Implements a three-layer tensorflow neural network: LINEAR->RELU->LINEAR->RELU->LINEAR->SOFTMAX.
Arguments:
X_train -- training set, of shape (input size = 12288, number of training examples = 1080)
Y_train -- test set, of shape (output size = 6, number of training examples = 1080)
X_test -- training set, of shape (input size = 12288, number of training examples = 120)
Y_test -- test set, of shape (output size = 6, number of test examples = 120)
learning_rate -- learning rate of the optimization
lambd -- L2 regularization hyperparameter
train_keep_prob -- probability of keeping a neuron in hidden layer for dropout implementation
num_epochs -- number of epochs of the optimization loop
minibatch_size -- size of a minibatch
print_cost -- True to print the cost every 100 epochs
Returns:
parameters -- parameters learnt by the model.

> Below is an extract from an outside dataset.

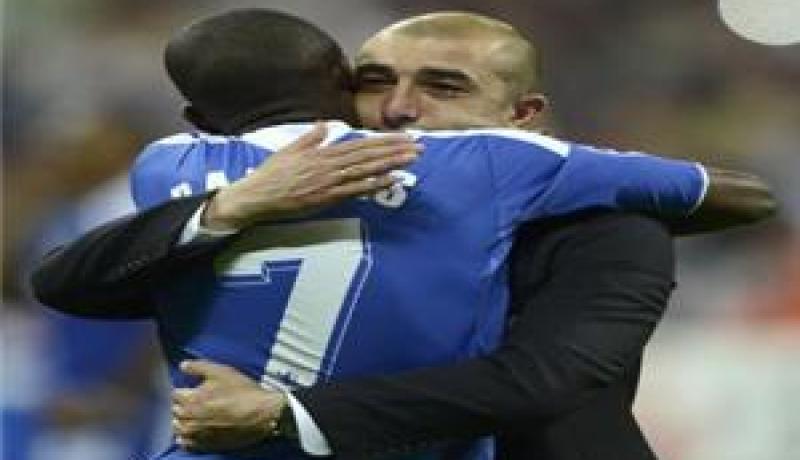 لاعبو تشيلسي يطالبون بتعيين دي ماتيو مدربا دائما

They can then be used to predict.
"""
ops.reset_default_graph() # to be able to rerun the model without overwriting tf variables
tf.set_random_seed(1) # to keep consistent results
seed = 3 # to keep consistent results
(n_x, m) = X_train.shape # (n_x: input size, m : number of examples in the train set)
n_y = Y_train.shape[0] # n_y : output size
costs = [] # To keep track of the cost
# Create Placeholders of shape (n_x, n_y)
X, Y = create_placeholders(n_x, n_y)
keep_prob = tf.placeholder(tf.float32)
# Initialize parameters
parameters = initialize_parameters()
# Forward propagation: Build the forward propagation in the tensorflow graph
Z3 = forward_propagation(X, parameters, keep_prob)
# Cost function: Add cost function to tensorflow graph
cost = compute_cost(Z3, Y, parameters, lambd)
# Backpropagation.
optimizer = tf.train.AdamOptimizer(learning_rate = learning_rate).minimize(cost)
# Initialize all the variables
init = tf.global_variables_initializer()
# Start the session to compute the tensorflow graph
with tf.Session() as sess:
# Run the initialization
sess.run(init)
# Do the training loop
for epoch in range(num_epochs):
epoch_cost = 0. # Defines a cost related to an epoch
num_minibatches = int(m / minibatch_size) # number of minibatches of size minibatch_size in the train set
seed = seed + 1
minibatches = random_mini_batches(X_train, Y_train, minibatch_size, seed)
for minibatch in minibatches:
# Select a minibatch
(minibatch_X, minibatch_Y) = minibatch
# IMPORTANT: The line that runs the graph on a minibatch.
# Run the session to execute the "optimizer" and the "cost", the feedict should contain a minibatch for (X,Y).
_ , minibatch_cost = sess.run([optimizer, cost], feed_dict={X: minibatch_X, Y: minibatch_Y, keep_prob: train_keep_prob})
epoch_cost += minibatch_cost / num_minibatches
# Print the cost every epoch
if print_cost == True and epoch % 100 == 0:
print ("Cost after epoch %i: %f" % (epoch, epoch_cost))
if print_cost == True and epoch % 5 == 0:
costs.append(epoch_cost)
# plot the cost
plt.plot(np.squeeze(costs))
plt.ylabel('cost')
plt.xlabel('iterations (per tens)')
plt.title("Learning rate =" + str(learning_rate))
plt.show()
# lets save the parameters in a variable
parameters = sess.run(parameters)
print ("Parameters have been trained!")
# Calculate the correct predictions
correct_prediction = tf.equal(tf.argmax(Z3), tf.argmax(Y))
# Calculate accuracy on the test set
accuracy = tf.reduce_mean(tf.cast(correct_prediction, "float"))
print ("Train Accuracy:", accuracy.eval({X: X_train, Y: Y_train, keep_prob: 1.0}))
print ("Test Accuracy:", accuracy.eval({X: X_test, Y: Y_test, keep_prob: 1.0}))
return parameters
The algo is correct. It is just the keep_prob = 0.5 is too low.
Managed to get 87% accuracy on the test set with the following hyperparameters:
learning_rate = 0.00002, lambd = 0.03, train_keep_prob = 0.90, num_epochs = 1500, minibatch_size = 32,
In the first case your model was overfitting to the data, hence the large difference between the train and test accuracy. Dropout is a regularization technique to reduce the variance of the model by reducing the effect of particular nodes and hence prevent overfitting. But keeping the keep_prob = 0.5(too low) weakens the model and hence it underfits severely to the data, giving an accuracy as low as 16%. You should iterate by gradually decreasing the keep_prob value untill you find a suitable value.